Perché questo finanziamento in due tempi?

"Perché devo basarmi sulle disponibilità di bilancio".

Quali problemi ritiene rimarranno anche una volta integrati i fondi?

"Innanzitutto quello relativo alle risorse che le Regioni e gli enti locali possono mettere a disposizione: non è un caso che anche il sindaco di Milano, Giuseppe Sala, abbia annunciato tagli. In regime di risorse scarse si è obbligati a scegliere: noi non abbiamo ridotto le risorse a tutti nello stesso modo, abbiamo tolto meno alle realtà piccole ma virtuose e abbiamo tolto di più alle realtà grandi, pachidermiche, che prendono fondi ingenti. Questo è avvenuto in un contesto del tutto particolare sul quale spesso si tace: durante il periodo pandemico molte realtà della cultura sono riuscite a sistemare i bilanci, alcune hanno avuto il miglior bilancio di sempre, perché non hanno dovuto sostenere costi per le produzioni, perché hanno ricevuto più risorse dal FUS, che nei due anni di pandemia è stato incrementato, oltre a quelle della Regione e dei Comuni, e perché gli artisti sono stati coperti dall’Inps. Davanti a questi dati di fatto bisogna porsi il tema della gestione dei teatri, che, ormai, deve essere di tipo manageriale".

Oggi, a suo avviso, non lo è?

"In molti casi no. Oggi bisogna fare fundraising e il fundraising ha le sue peculiarità, non siamo più nel mondo delle donazioni filantropiche. Bisogna saper dialogare con le comunità e i contesti in cui si è inseriti in modo da riuscire a intercettarne le esigenze e portare le persone in teatro. Ho fatto solo due esempi, ma ce ne sarebbero anche altri: penso anche all’importo di certi cachet. Le istituzioni devono essere un aiuto per affrontare il mercato, ma gli enti della cultura devono interrogarsi su quale sia il modo di affrontarlo".

Perché la Regione vuole regionalizzare il Fondo unico per lo spettacolo (Fus ndr )?

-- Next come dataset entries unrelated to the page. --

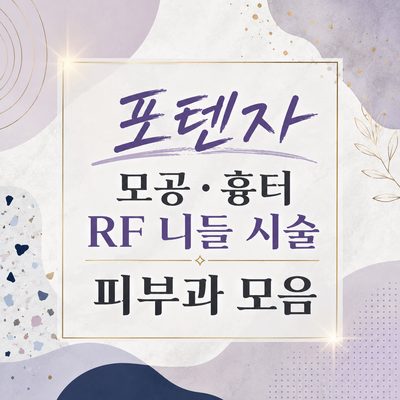 포텐자 모공·흉터 RF 니들 시술 피부과 모음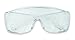 MCR Safety 9810B Yukon Polycarbonate Clear Lens Safety Glasses with Spatula Temples, Clear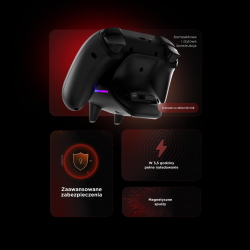 Rampage Hydra Pro Pad bezprzewodowy RGB 2.4G Hall... | PartsPC.pl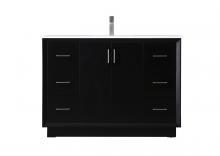  VF19648BK - 48 Inch Single Bathroom Vanity in Black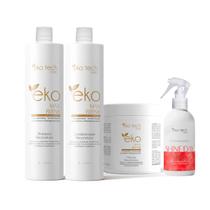 Kit shampoo + cond + masc max repair eko tech + shine day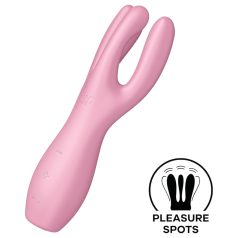   Satisfyer Threesome 3 - презареждащ се клитор вибратор (розов)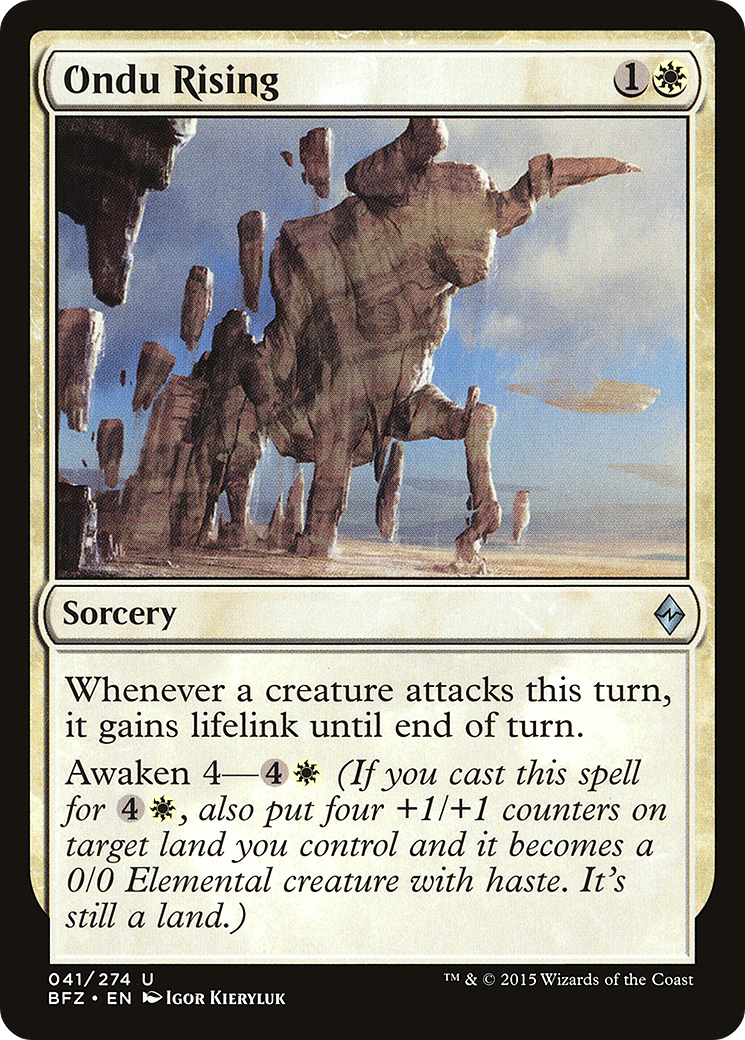 Ondu Rising (041) - Battle for Zendikar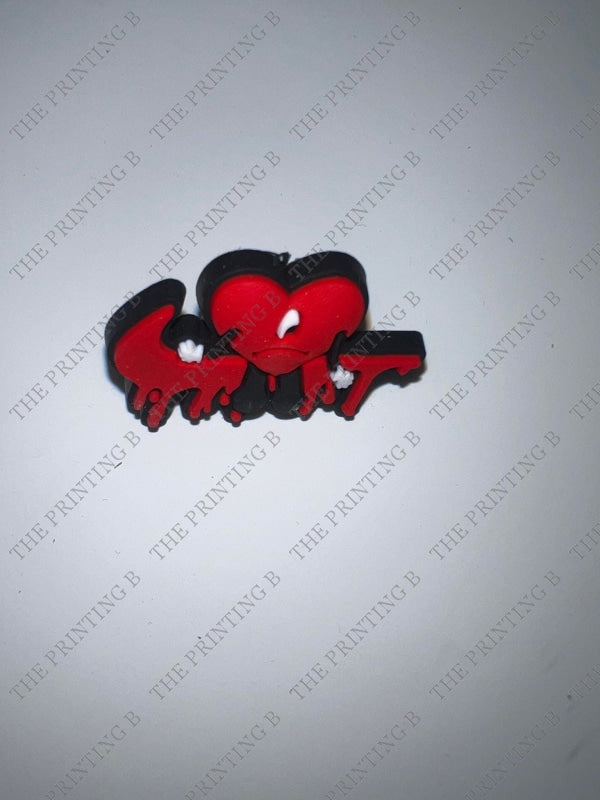 Heart Check Straw Topper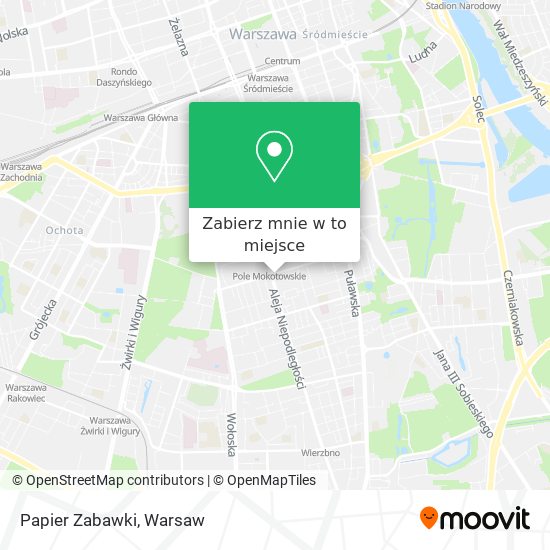 Mapa Papier Zabawki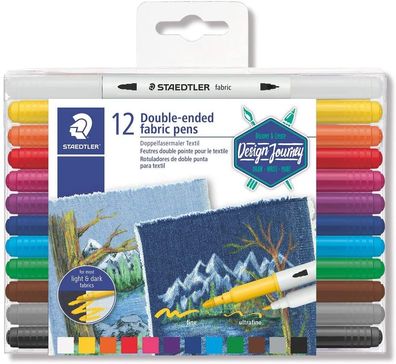 Staedtler 3190 TB12 Doppel-Fasermaler Textil Design Journey 12er Etui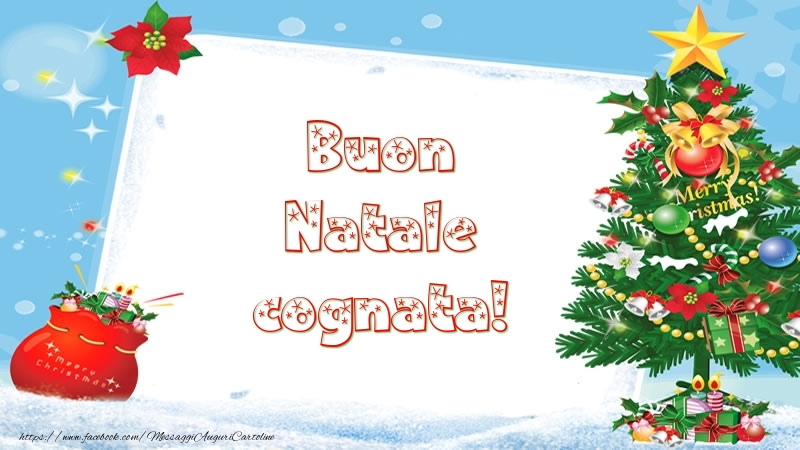Cartoline di Natale per Cognata - Buon Natale cognata!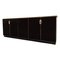 Black Glass Credenza in the Style Maison Jansen, 1970s, Image 1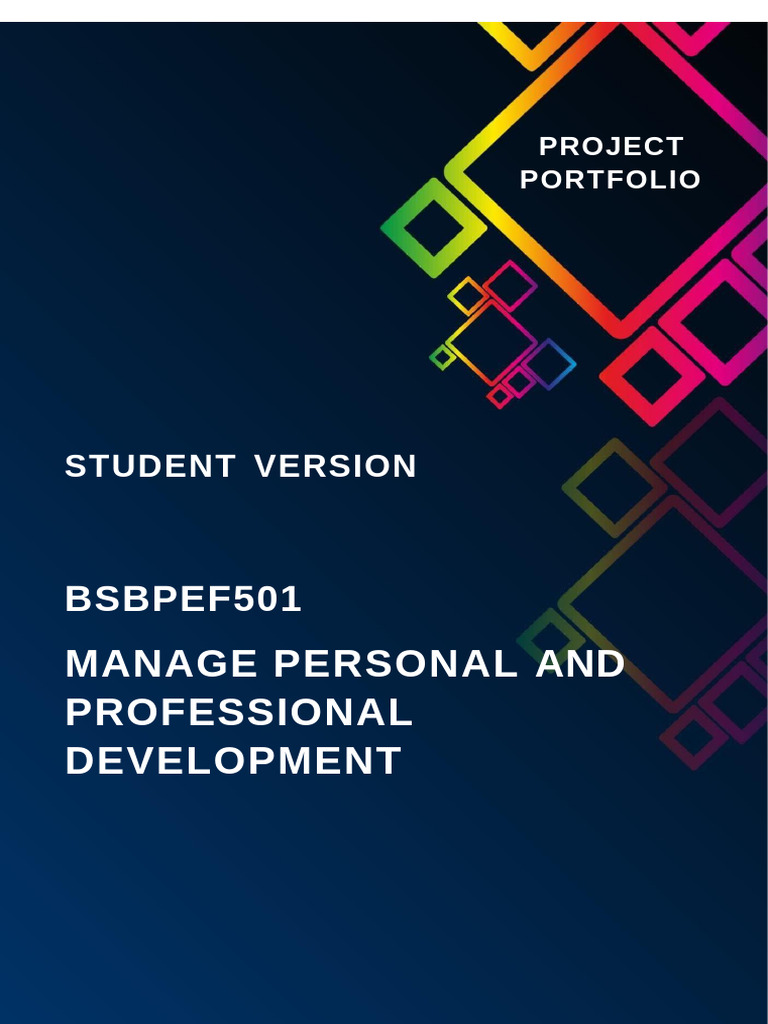 BSBPEF501 Project Portfolio1 | PDF | Goal | Brand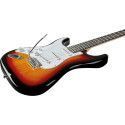 Guitarra eléctrica Eko Starter ST300 tipo Strat - Sunburst (zurdos)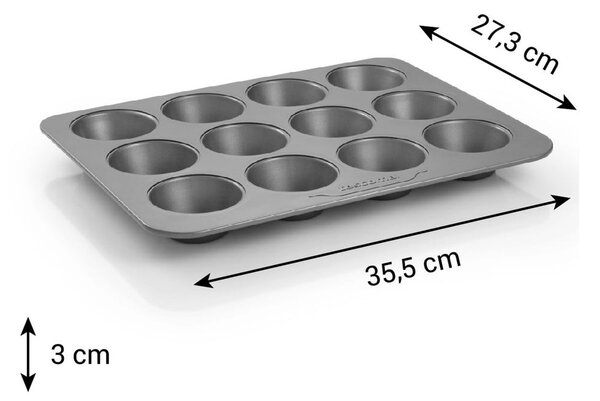 Metalowa forma do pieczenia muffinów 35,5x27 cm Compact – Tescoma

"Perché proprio il Fus, così come è oggi, rappresenta un altro problema. La Lombardia ha una produzione di spettacoli e uno sbigliettamento che vale il 22-24% del volume nazionale. Ma riceve il 15% delle risorse messe in gioco dal Fondo, ogni anno perde circa il 10% delle risorse alle quali avrebbe diritto. Un’altra stortura è rappresentata dai finanziamenti alle Fondazioni lirico-sinfoniche: in Italia sono 14, eppure ricevono il 53% delle risorse del FUS. Ecco perché rivedere il funzionamento del Fondo è una delle nostre richieste di autonomia".

Rivederlo come?

"Regionalizzandolo. Non deve essere lo Stato a decidere quando deve restituire ai teatri lombardi, deve essere la Regione a presentare il conto allo Stato. O si potrebbe trattenere la quota del Fondo destinata alla Lombardia dalla fiscalità regionale".

L’altra sua delega è l’Autonomia, di cui è stato l’ideatore in Lombardia. Fratelli d’Italia la vuole davvero?

"Io constato con soddisfazione che con questo Governo e grazie al ministro Roberto Calderoli si è fatto un grande passo avanti: si è smesso di ragionare di legge quadro e si è iniziato a lavorare a una legge attuativa dell’articolo 116, terzo comma, della Costituzione. È partito il lavoro per definire chi deve fare cosa e la successione delle tappe da compiere".